Duty to Vote




By Sharon L. Reidenbach

What happened to the glorious and dramatic events we like to think influenced who we’ve become? What if it were a mere comma? Or fear that redirected out life’s meaning?
For example, our Pledge of Allegiance to the flag is nothing like the Christian Socialist, Francis Bellamy wrote in August in 1892. “In the 1950’s, through the fear of Communism, the word ‘God’ was inserted to the Pledge thinking America would be protected”!
Then the biggest, and final change came through the rules of grammar! Congress wanted the comma placed after the word God, not Nation, making the phrase one thought, and that officially we were indeed a country founded on a belief in God! The Pledge had become both a patriotic oath, and a public prayer! This wasn’t what the revolutionist had in mind, nor Bellamy.
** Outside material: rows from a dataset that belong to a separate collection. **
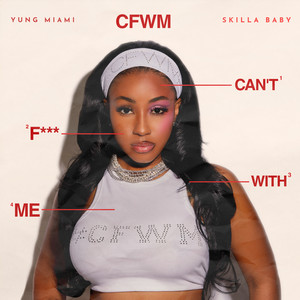 CFWM (Can’t F*** With Me)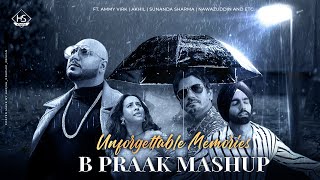 Unforgettable Memories B Praak Mashup 2021 | Latest Punjabi Mashup | HS Visual | Papul | Velocity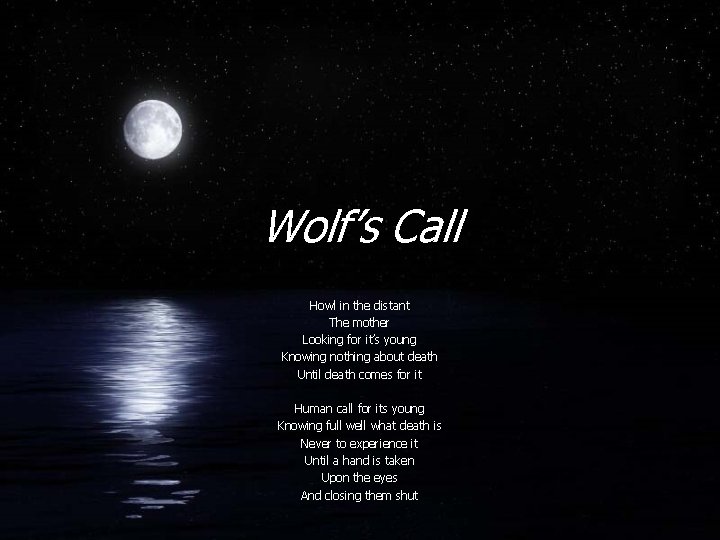 Wolf’s Call Howl in the distant The mother Looking for it’s young Knowing nothing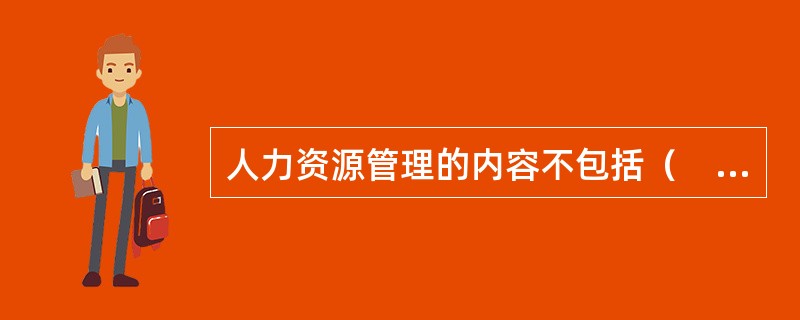 人力资源管理的内容不包括（　　）。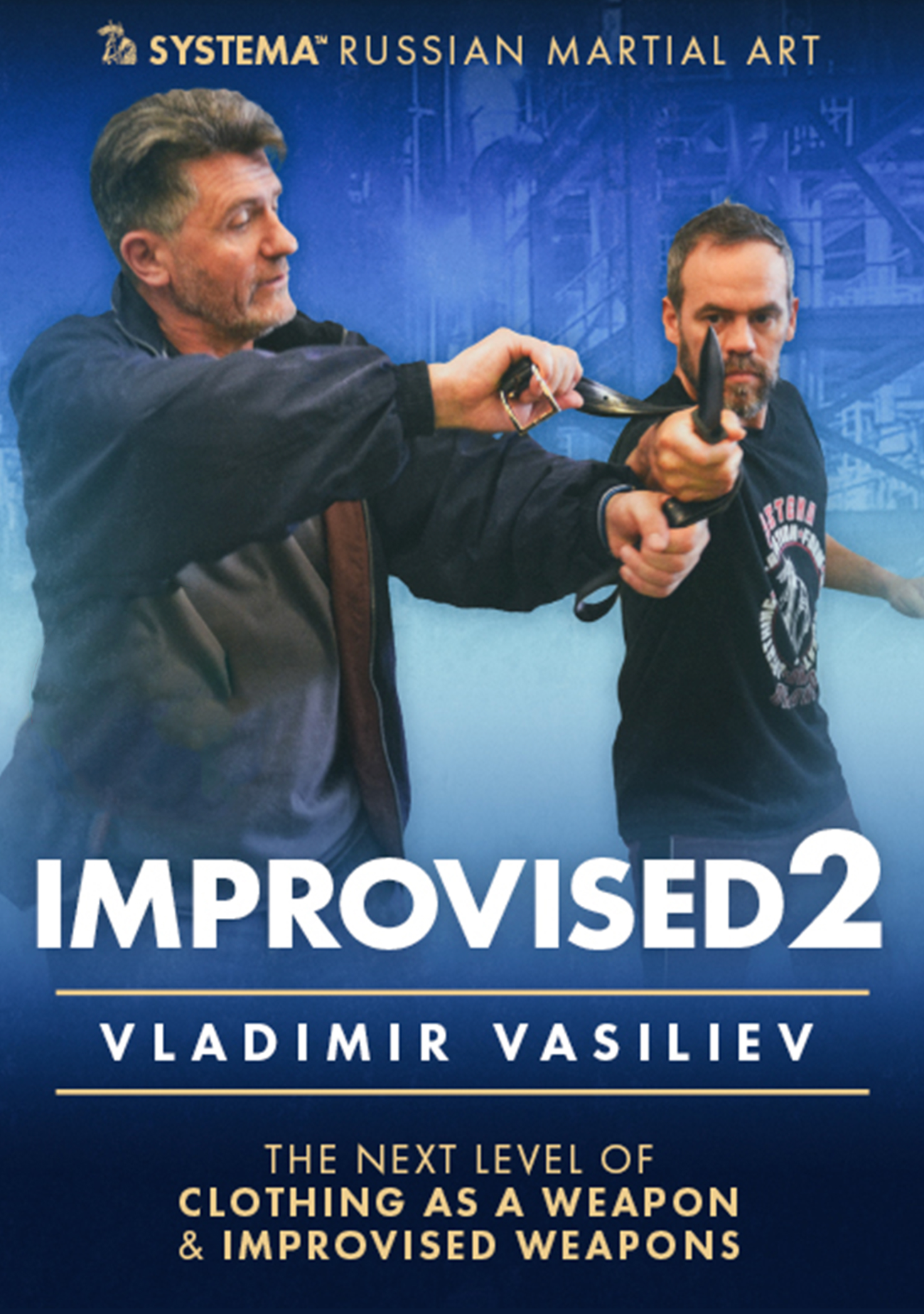 Improvised Vol 2 DVD: ウラジミール・ワシリエフ著「武器としての衣服の次のレベル」。
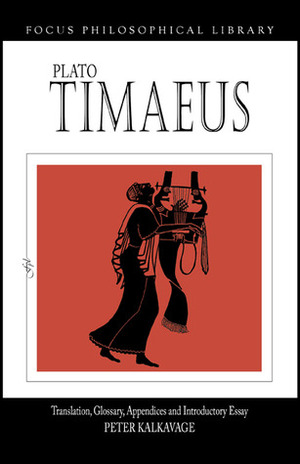 Timaeus: Translation. Glossary, Appendices and Introductory Essay by Peter Kalkavage, Plato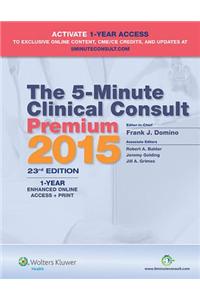 The 5-Minute Clinical Consult Premium 2015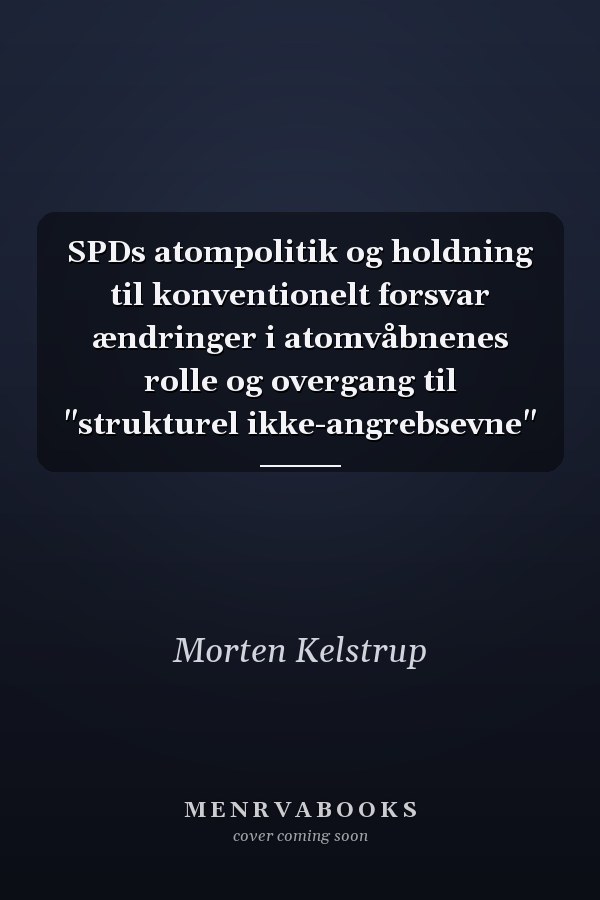 SPDs atompolitik og holdning til konventionelt forsvar ændringer i atomvåbnenes rolle og overgang til "strukturel ikke-angrebsevne"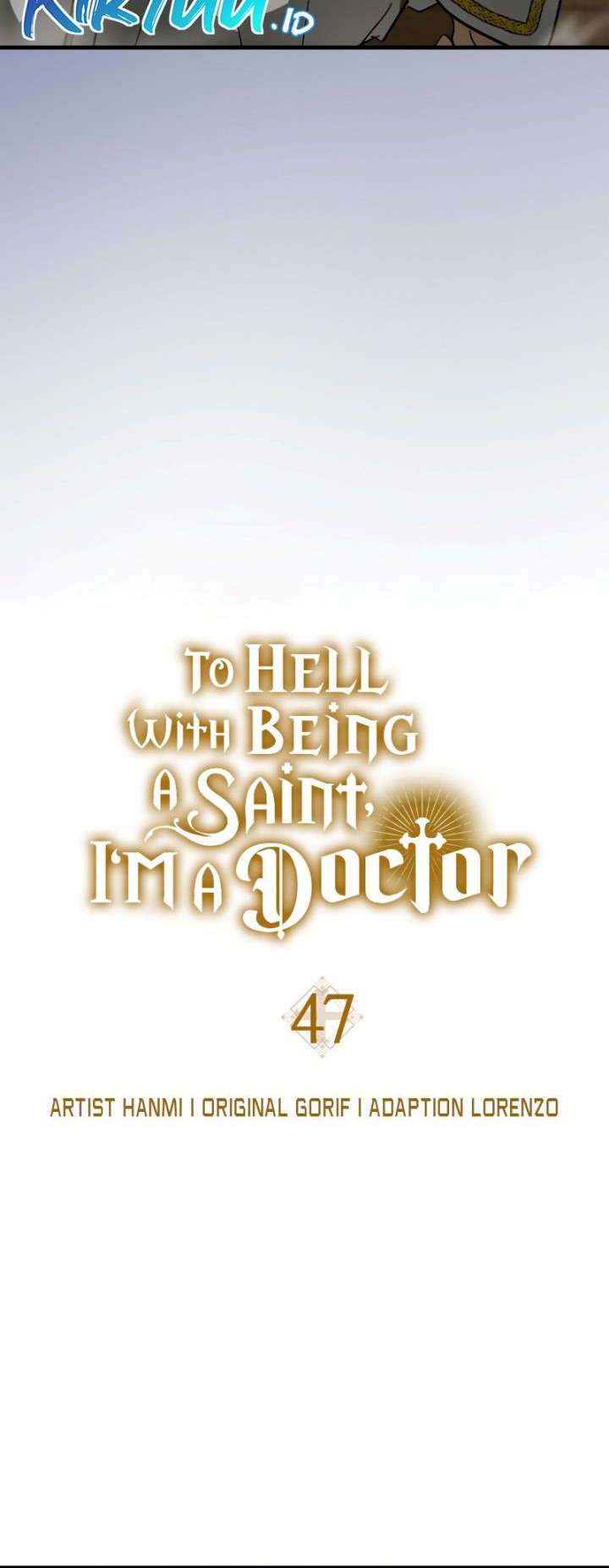To Hell With Being a Saint, I’m a Doctor Chapter 47 - halaman 19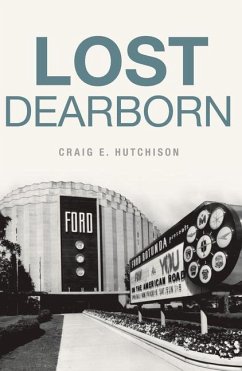Lost Dearborn - Hutchison, Craig E.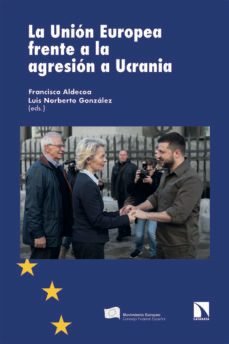 la union europea frente a la agresion a ucrania-9788413525976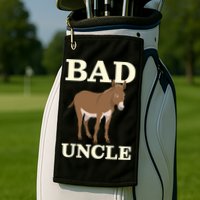 Bad Uncle Funny Uncle Donkey Uncles Gift Golf Towel
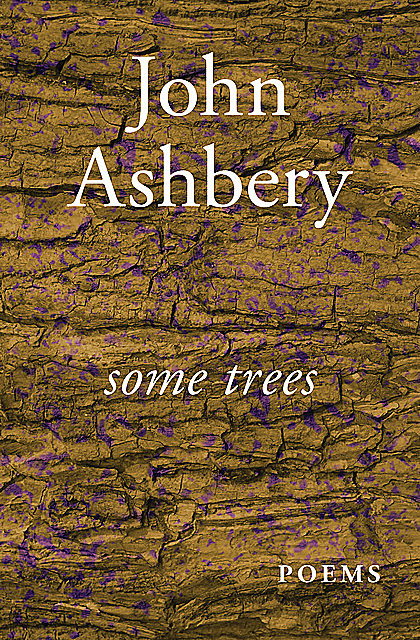 Some Trees, John Ashbery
And there is another flag the Lord influenced. It is the oldest unchanged, free flag in the world, The Christian flag. It has no earthly bonds or allegiances, but to Christ. It exists for the world’s people regardless of sex, race, national, boundary, economic condition, affluence, or poverty, politics, slavery or freedom.
Yet, its conception wasn’t celestial! On September 26, 1897, Charles C. Overton, the Sunday school superintendent, had to fill in for a no-show guest speaker. He groped for something to say, spied the American flag and talked about symbolism. During his speech he proposed Christians should have their own flag. In 1907 he and Ralph Diffendorfer, secretary to the Methodist Young People’s Missionary movement, produced and promoted the Christian flag. But Lynn Harold Hough wrote the first pledge after hearing Diffendorfer talk about the flag.
Yes, we are a people who love the spectacular, and heavenly revelations. But God isn’t the god of the spectacular.
Rather, like with our life, He weaved His will into our patriotic Pledge, and into the Christian flag through a socialist, fear, a comma, a substitute speaker and two men. It’s the content that gives meaning to liberty and life, not the process.
I pledge allegiance to the flag of the United States of America, and to the Republic for which it stands. One nation under God, indivisible, with liberty and justice for all.
I pledge allegiance to the Christian Flag and to the Savior for whose Kingdom it stands. One Savior, crucified, risen, and coming again with life and liberty to all who believe.
God reminds us He’s at work using the small and unusual to bring about the final results glorifying Him. He’ll use any means for the greater good: 5 small stones, a teenage girl, a small boy’s lunch; size is not important. However we are suffering, be encouraged, He is behind the scene working for us. Perhaps changing our life with a comma!
“What is that in your hand?” And he [Moses] said, “A staff” (Exodus 4:2): And he led a nation.